Everything from the line with "Size: 1648x2153 |" through the last line of the data below should be copied exactly, apart from the pictures.

■ DATA:
------------

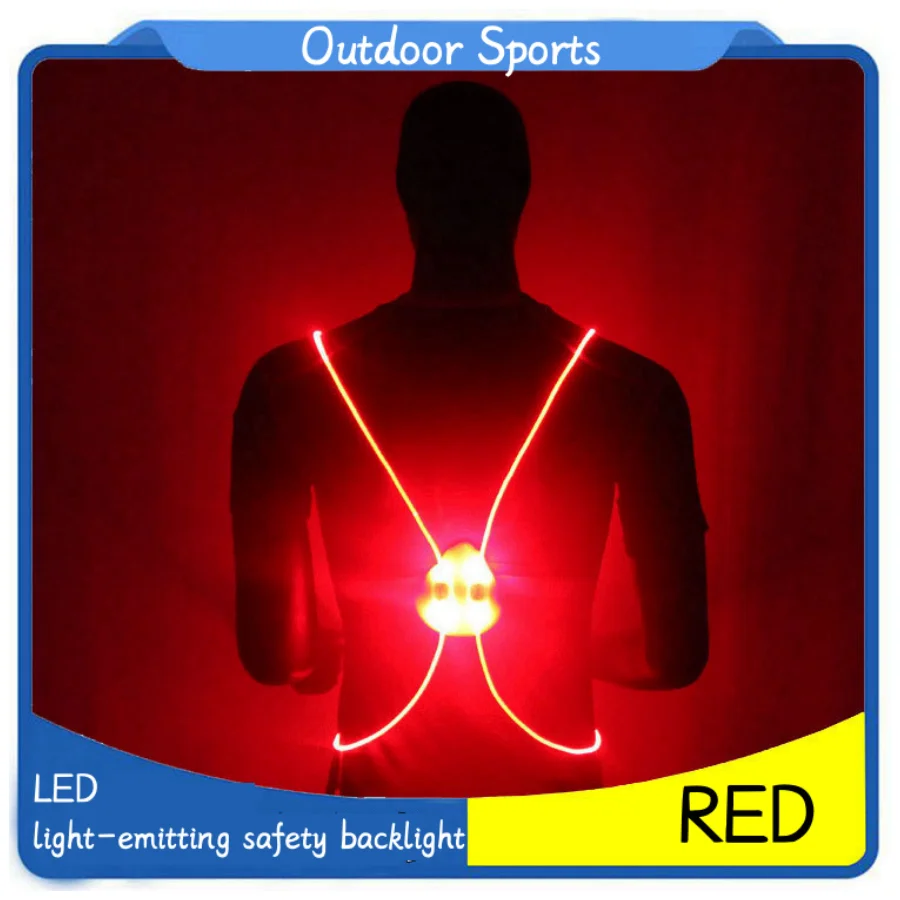 Cyrusher-Reflective Undershirt Lights, Mountain Bike Riding Lights, LED Fiber Optic, Light-Emitting, Safety, Travel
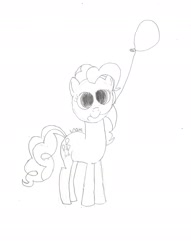 Size: 1648x2153 | Tagged: safe, artist:nate the pone, pinkie pie, earth pony, g4, balloon, big eyes, black and white, dilated pupils, grayscale, monochrome, signature, smiling, standing, traditional art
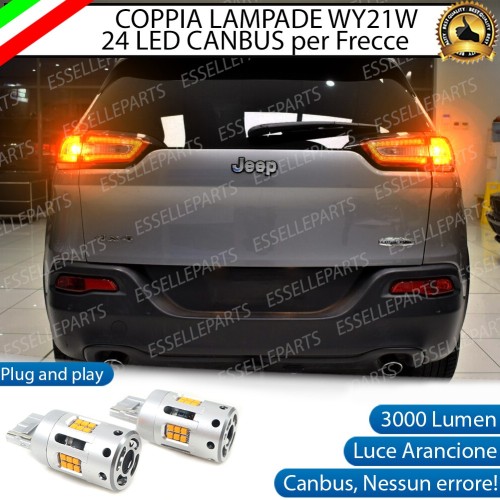 Coppia Frecce Posteriori WY21W T20 24 LED Canbus 3.0 PER Jeep Cherokee KL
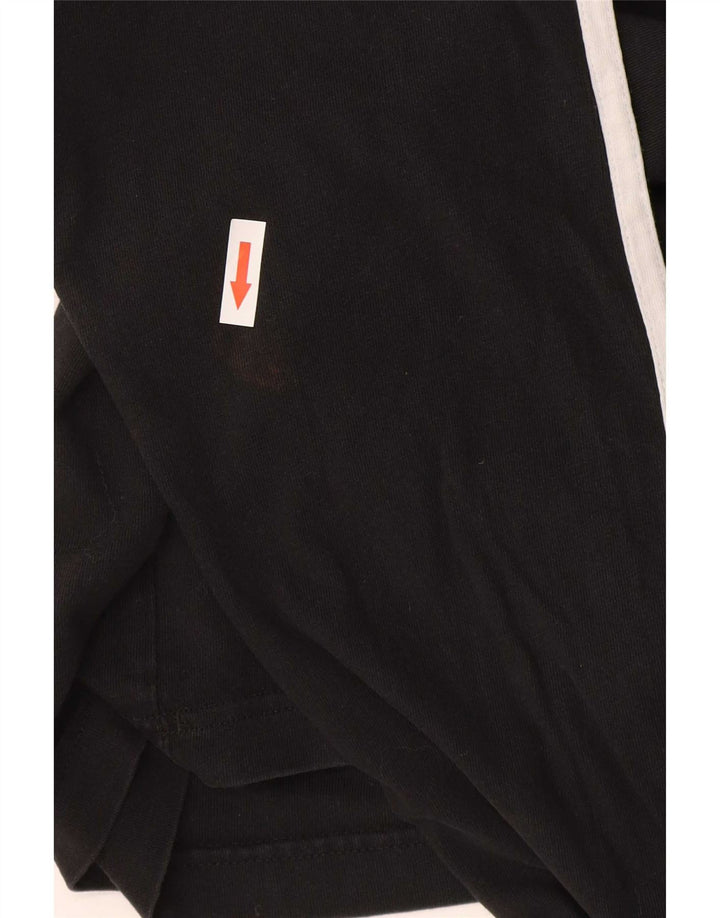 Adidas Herren-Top, langärmelig, mittelschwarz, Colourblock-Baumwolle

------------

■ FINISHED EXERCISE:
 Size: 1648x2153 | Tagged: safe, artist:nate the pone, pinkie pie, earth pony, g4, balloon, big eyes, black and white, dilated pupils, grayscale, monochrome, signature, smiling, standing, traditional art
 Coppia Frecce Posteriori WY21W T20 24 LED Canbus 3.0 PER Jeep Cherokee KL
 Adidas Herren-Top, langärmelig, mittelschwarz, Colourblock-Baumwolle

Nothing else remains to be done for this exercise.